◆ **Instructions to follow**
Exactly the lines from the first line of the listing through the line containing "Nasrul Abit lebih" should appear in the output, unchanged.

--*--

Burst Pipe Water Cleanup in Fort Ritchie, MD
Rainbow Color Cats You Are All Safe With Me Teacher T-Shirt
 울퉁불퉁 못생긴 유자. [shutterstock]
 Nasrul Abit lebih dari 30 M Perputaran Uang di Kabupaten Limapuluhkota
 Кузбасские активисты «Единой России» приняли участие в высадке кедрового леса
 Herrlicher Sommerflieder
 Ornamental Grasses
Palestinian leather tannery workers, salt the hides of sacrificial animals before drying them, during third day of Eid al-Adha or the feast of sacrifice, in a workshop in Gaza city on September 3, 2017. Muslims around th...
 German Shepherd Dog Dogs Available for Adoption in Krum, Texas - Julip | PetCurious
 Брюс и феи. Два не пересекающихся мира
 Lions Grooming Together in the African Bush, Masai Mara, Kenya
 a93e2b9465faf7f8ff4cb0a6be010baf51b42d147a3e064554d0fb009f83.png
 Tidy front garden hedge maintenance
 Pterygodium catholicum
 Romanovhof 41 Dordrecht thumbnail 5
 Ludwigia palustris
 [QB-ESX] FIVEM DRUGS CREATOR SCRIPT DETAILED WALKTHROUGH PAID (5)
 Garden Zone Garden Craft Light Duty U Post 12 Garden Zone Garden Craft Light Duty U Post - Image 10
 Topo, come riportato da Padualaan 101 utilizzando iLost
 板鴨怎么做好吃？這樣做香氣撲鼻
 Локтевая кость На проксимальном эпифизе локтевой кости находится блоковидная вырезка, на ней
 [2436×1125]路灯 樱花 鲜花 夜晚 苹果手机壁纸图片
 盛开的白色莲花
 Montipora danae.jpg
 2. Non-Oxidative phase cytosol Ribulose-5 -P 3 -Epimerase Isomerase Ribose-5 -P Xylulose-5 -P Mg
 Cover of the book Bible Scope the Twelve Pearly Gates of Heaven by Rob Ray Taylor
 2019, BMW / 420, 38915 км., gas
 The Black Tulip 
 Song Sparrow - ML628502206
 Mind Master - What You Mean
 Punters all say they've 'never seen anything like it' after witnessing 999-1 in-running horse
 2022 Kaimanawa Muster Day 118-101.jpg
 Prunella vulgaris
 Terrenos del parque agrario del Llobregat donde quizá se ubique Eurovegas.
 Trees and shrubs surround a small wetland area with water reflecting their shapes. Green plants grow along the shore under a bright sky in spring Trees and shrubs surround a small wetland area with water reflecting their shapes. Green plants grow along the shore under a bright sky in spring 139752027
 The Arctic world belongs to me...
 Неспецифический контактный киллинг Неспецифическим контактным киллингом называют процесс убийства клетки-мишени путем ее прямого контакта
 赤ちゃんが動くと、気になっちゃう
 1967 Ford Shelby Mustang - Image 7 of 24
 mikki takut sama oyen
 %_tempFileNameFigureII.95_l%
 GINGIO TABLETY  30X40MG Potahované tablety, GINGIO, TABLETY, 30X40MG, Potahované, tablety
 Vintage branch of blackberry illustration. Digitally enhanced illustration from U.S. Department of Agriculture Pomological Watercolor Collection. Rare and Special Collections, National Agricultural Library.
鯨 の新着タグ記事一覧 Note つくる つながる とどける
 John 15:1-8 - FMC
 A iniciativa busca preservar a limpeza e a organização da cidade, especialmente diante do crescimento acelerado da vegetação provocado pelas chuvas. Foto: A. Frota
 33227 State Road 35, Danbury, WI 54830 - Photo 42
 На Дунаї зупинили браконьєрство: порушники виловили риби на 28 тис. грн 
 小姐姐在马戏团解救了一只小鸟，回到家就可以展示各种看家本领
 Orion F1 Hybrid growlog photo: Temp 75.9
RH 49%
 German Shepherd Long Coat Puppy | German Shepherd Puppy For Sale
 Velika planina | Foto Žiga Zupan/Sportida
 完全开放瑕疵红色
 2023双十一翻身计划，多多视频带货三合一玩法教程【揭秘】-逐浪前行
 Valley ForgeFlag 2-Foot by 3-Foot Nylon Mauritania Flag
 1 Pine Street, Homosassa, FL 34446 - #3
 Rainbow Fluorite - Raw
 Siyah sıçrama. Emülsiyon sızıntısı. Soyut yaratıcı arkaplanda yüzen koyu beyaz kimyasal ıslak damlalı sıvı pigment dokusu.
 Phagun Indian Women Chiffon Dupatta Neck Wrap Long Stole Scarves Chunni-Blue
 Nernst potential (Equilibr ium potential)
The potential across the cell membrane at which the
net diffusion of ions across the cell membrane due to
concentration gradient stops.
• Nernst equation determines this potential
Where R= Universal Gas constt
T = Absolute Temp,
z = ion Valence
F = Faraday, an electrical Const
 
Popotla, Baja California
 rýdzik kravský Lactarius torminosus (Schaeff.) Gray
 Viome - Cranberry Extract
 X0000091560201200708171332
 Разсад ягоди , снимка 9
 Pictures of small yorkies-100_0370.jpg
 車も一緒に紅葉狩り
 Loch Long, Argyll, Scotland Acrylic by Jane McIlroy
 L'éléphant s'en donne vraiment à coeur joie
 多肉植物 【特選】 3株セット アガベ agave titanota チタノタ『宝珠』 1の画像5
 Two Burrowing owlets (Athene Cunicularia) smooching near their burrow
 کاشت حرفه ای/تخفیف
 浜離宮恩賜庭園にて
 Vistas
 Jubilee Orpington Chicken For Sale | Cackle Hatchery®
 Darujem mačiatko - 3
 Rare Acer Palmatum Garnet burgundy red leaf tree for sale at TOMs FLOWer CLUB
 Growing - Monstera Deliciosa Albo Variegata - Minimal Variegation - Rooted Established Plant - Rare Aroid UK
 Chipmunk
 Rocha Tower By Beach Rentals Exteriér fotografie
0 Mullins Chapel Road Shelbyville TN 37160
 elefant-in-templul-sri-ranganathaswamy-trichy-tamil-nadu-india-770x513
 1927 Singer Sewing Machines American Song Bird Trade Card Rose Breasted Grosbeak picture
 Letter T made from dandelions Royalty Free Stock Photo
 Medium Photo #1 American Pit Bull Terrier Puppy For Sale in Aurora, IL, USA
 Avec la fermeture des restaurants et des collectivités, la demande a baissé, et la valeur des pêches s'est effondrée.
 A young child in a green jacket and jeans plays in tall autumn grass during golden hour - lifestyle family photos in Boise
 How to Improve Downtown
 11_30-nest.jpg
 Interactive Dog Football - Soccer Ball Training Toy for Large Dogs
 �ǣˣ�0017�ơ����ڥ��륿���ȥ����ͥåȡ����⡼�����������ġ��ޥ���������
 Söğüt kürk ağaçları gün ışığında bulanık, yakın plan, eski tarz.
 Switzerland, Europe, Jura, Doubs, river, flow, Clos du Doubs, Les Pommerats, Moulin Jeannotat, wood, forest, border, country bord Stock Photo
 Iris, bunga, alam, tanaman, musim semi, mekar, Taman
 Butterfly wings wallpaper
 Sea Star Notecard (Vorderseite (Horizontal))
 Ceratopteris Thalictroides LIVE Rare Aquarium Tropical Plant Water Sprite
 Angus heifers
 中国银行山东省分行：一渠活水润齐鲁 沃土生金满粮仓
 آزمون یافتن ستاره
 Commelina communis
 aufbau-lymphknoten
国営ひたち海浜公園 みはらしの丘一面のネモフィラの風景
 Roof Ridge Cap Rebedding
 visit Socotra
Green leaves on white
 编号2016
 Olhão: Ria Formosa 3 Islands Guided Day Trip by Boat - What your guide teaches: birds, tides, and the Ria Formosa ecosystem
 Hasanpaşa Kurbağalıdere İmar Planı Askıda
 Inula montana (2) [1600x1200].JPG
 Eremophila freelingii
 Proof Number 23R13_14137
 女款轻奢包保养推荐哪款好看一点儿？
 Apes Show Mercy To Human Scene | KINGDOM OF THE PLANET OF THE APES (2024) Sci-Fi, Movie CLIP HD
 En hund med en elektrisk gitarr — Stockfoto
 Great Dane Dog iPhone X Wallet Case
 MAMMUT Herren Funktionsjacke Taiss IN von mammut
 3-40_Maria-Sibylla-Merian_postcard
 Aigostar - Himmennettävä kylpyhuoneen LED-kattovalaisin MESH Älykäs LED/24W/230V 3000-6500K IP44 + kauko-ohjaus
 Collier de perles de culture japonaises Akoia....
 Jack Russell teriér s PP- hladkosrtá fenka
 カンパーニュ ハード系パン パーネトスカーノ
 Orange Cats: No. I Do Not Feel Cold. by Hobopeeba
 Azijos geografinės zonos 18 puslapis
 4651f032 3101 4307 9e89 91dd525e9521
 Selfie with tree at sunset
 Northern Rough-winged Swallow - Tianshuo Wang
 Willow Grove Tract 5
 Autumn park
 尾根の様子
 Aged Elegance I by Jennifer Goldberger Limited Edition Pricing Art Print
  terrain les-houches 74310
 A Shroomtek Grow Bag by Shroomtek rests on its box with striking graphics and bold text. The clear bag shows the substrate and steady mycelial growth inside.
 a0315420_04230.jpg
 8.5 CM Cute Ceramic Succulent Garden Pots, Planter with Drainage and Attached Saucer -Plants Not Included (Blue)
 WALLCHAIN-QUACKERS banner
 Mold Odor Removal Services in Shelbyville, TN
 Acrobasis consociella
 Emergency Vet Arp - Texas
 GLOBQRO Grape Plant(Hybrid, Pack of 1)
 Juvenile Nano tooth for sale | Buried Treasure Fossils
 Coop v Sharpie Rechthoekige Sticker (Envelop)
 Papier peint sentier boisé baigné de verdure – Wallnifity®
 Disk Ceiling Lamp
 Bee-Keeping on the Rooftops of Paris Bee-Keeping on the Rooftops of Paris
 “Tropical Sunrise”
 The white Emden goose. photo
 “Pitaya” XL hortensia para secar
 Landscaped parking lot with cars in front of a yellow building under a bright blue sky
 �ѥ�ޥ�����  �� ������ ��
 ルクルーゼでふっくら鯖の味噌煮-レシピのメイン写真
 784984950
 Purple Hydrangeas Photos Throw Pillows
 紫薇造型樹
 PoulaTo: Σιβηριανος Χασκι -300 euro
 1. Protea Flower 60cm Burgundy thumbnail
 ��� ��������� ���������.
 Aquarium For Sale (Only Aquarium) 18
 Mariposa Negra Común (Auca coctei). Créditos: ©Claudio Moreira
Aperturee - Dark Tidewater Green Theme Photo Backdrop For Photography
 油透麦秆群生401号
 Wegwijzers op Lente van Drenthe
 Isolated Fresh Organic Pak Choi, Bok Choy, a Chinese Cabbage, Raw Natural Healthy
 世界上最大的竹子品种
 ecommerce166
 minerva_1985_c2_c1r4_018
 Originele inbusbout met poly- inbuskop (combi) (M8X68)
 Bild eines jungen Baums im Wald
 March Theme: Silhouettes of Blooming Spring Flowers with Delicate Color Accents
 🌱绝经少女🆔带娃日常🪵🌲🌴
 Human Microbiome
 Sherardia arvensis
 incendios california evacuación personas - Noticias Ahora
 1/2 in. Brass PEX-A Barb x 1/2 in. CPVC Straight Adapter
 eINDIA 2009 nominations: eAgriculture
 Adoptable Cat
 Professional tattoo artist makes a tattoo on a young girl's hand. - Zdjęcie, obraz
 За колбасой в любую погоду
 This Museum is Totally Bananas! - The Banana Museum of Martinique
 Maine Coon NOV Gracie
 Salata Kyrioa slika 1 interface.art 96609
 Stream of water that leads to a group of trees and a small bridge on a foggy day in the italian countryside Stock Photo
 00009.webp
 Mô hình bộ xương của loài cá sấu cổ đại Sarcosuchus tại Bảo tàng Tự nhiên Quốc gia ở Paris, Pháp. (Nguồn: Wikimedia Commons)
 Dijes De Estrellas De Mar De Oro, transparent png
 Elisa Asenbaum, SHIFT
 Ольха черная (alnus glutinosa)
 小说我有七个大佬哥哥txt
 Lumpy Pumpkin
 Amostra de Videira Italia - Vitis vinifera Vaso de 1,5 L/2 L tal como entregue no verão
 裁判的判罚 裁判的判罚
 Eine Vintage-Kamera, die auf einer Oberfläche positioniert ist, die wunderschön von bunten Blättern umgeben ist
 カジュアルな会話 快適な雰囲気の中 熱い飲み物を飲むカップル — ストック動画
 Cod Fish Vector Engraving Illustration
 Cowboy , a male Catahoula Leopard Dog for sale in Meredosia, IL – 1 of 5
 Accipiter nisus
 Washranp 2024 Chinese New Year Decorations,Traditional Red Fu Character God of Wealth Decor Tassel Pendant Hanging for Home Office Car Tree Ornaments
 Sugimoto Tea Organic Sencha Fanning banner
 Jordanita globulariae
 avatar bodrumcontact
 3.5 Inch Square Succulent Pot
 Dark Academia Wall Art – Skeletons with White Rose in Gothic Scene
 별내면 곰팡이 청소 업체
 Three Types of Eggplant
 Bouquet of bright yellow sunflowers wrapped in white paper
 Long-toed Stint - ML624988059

--*--

◆ **Written response**
Burst Pipe Water Cleanup in Fort Ritchie, MD
Rainbow Color Cats You Are All Safe With Me Teacher T-Shirt
 울퉁불퉁 못생긴 유자. [shutterstock]
 Nasrul Abit lebih dari 30 M Perputaran Uang di Kabupaten Limapuluhkota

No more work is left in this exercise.